Sophie

Sophie

distrib > Scientific%20Linux > 5x > x86_64 > by-pkgid > 27922b4260f65d317aabda37e42bbbff > files > 356

kernel-2.6.18-238.el5.src.rpm

From: Jeff Moyer <jmoyer@redhat.com>
Date: Tue, 3 Nov 2009 11:36:36 -0500
Subject: [block] cfq-iosched: add close cooperator code
Message-id: 1257266206-24003-3-git-send-email-jmoyer@redhat.com
O-Subject: [PATCH 02/12] cfq-iosched: add close cooperator code
Bugzilla: 456181 448130 427709
RH-Acked-by: Rik van Riel <riel@redhat.com>
RH-Acked-by: Josef Bacik <josef@redhat.com>
RH-Acked-by: Vivek Goyal <vgoyal@redhat.com>
RH-Acked-by: Jeff Layton <jlayton@redhat.com>

This is a backport of commit a36e71f996e25d6213f57951f7ae1874086ec57e:

    If we have processes that are working in close proximity to each
    other on disk, we don't want to idle wait.

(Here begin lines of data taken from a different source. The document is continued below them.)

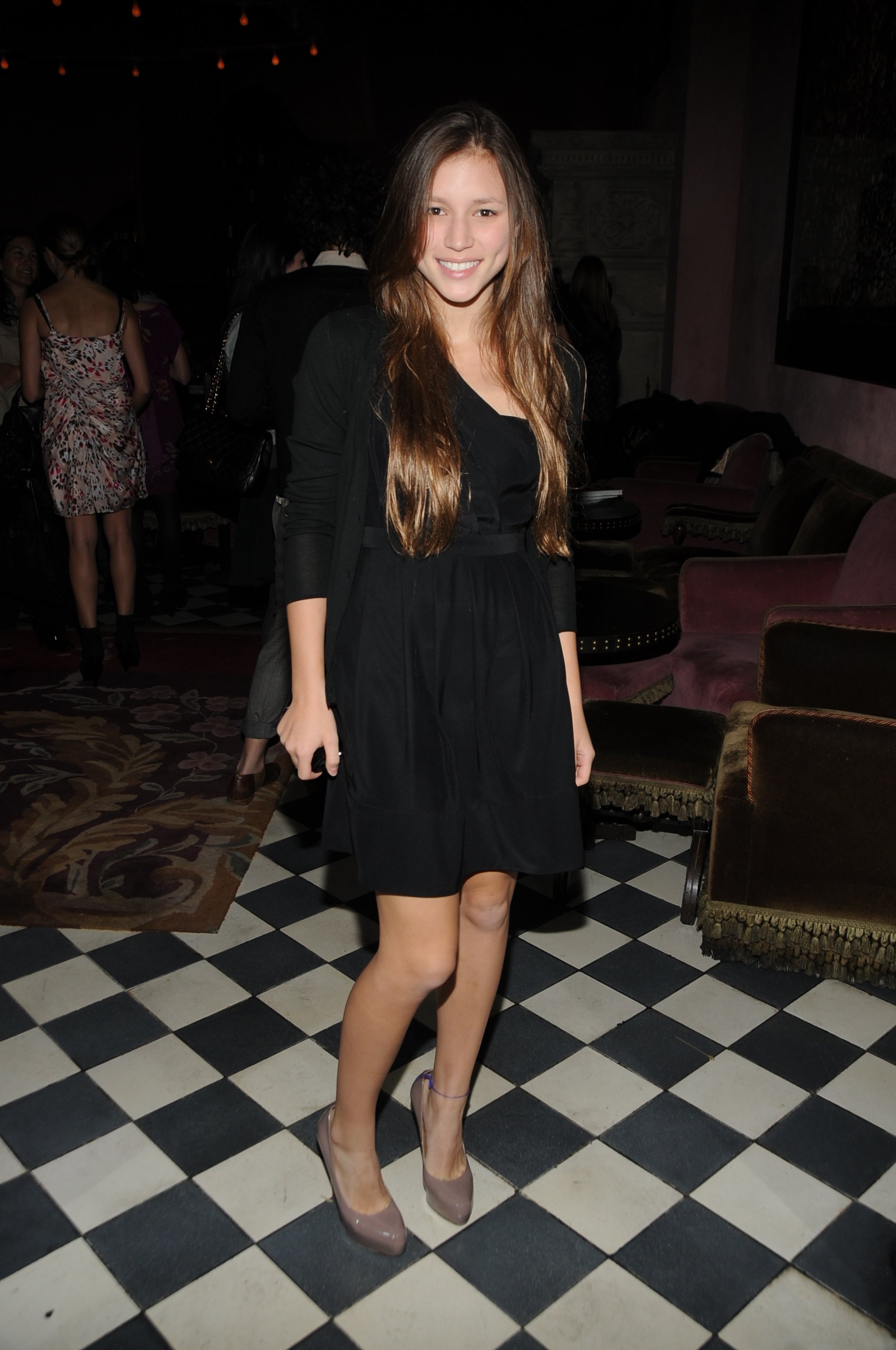 Josephine Becker attends the party for the launch of 'The Teen Vogue Handbook' on October 13, 2009 | Source: Getty Images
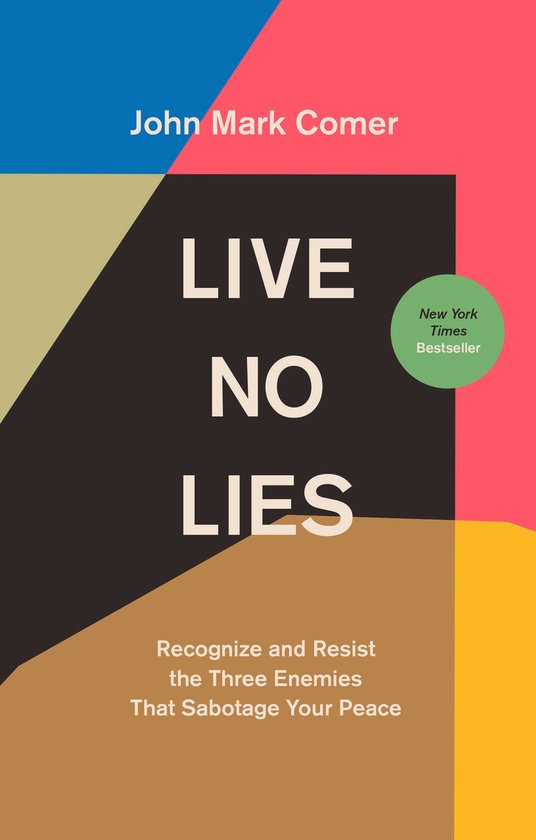 Boekcover met de titel "Live No Lies" in grote witte letters op een donkere achtergrond. "John Mark Comer" staat bovenaan in blauw. De tekst "New York Times Bestseller" staat in een groen cirkelvormig icoontje. Geometrische patronen in roze, geel en olijfgroen bedekken de achtergrond.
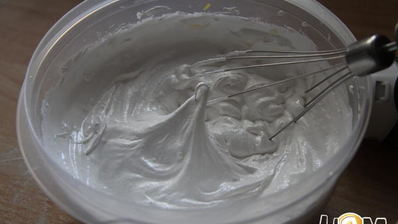 пирожные с кокосовой стружкой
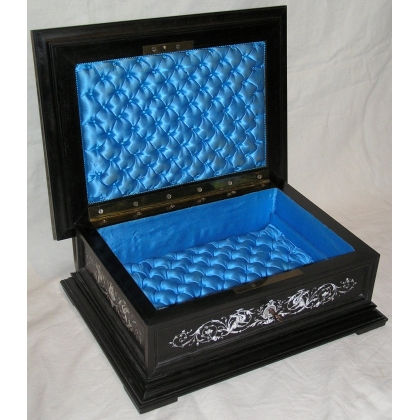 Chest with marquetry inlays at Moinat SA – Antiques and home décor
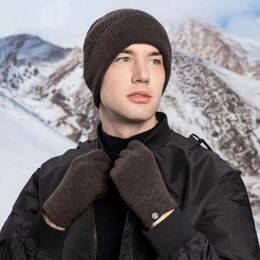 Berets Hat Glove Set Men's Winter Knitted Touch Screen Gloves Soft Thick Wear Resistant Solid Color Accessories For Warmth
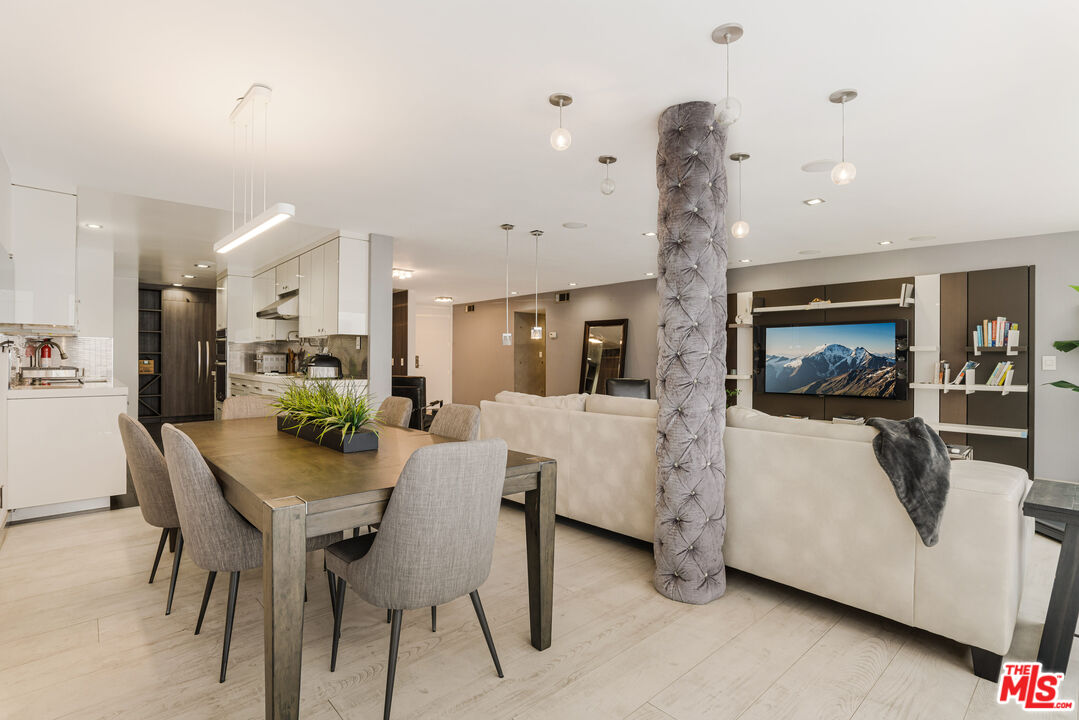 262 N Crescent Dr Unit: 2 E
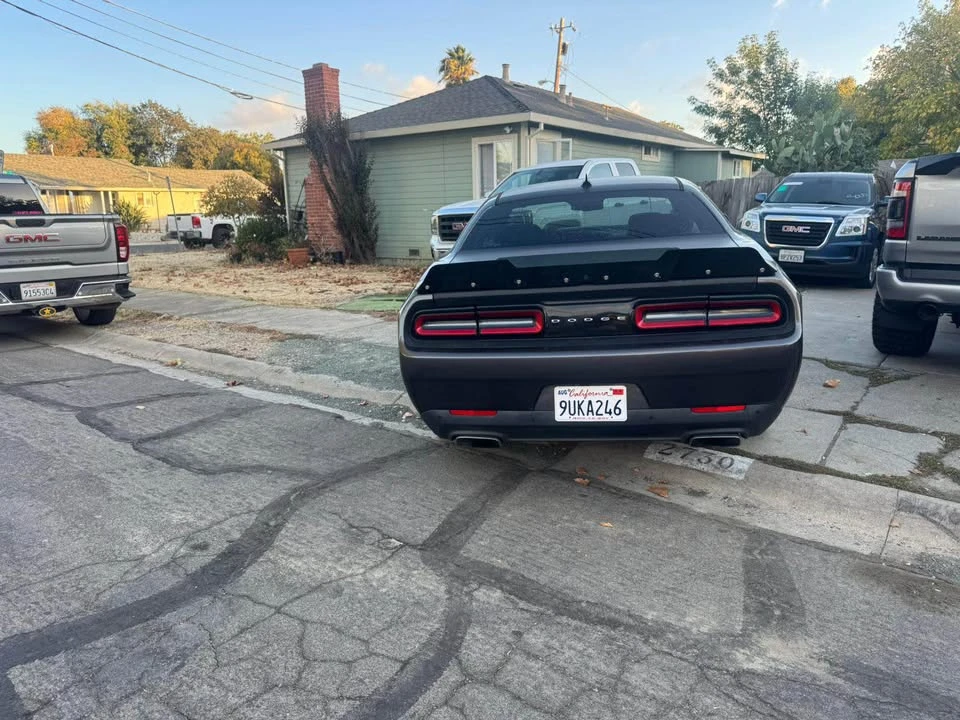 2017 Dodge Challenger 3rd Gen - Image 9 of 14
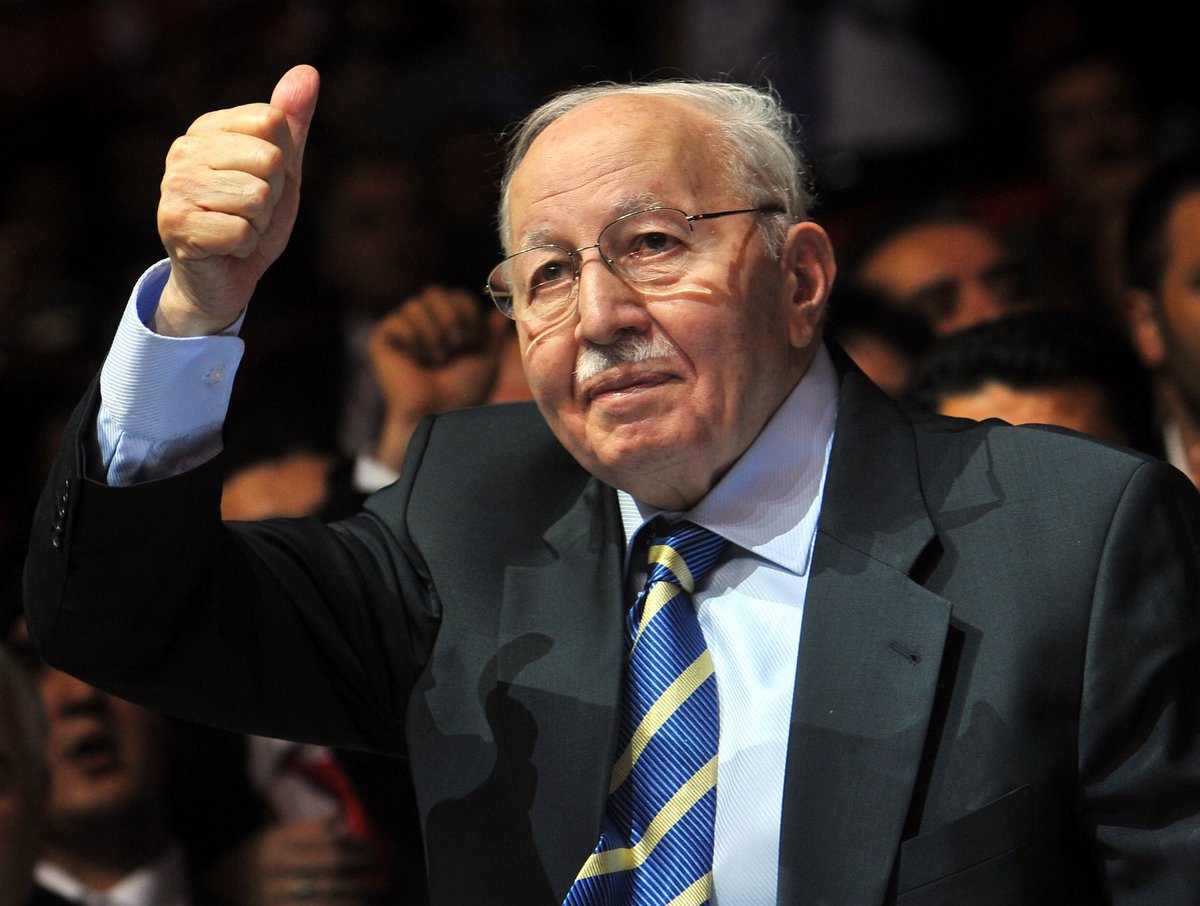 Erbakan; bu coğrafyada kapitalizme kul köle olmadan ölünebileceğini göstermiş bir liderdir...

Instead allow the close
    process to issue a request, getting better aggregate bandwidth.
    The anticipatory scheduler has similar checks, noop and deadline do
    not need it since they don't care about process <-> io mappings.

    The code for CFQ is a little more involved though, since we split
    request queues into per-process contexts.

    This fixes a performance problem with eg dump(8), since it uses
    several processes in some silly attempt to speed IO up. Even if
    dump(8) isn't really a valid case (it should be fixed by using
    CLONE_IO), there are other cases where we see close processes
    and where idling ends up hurting performance.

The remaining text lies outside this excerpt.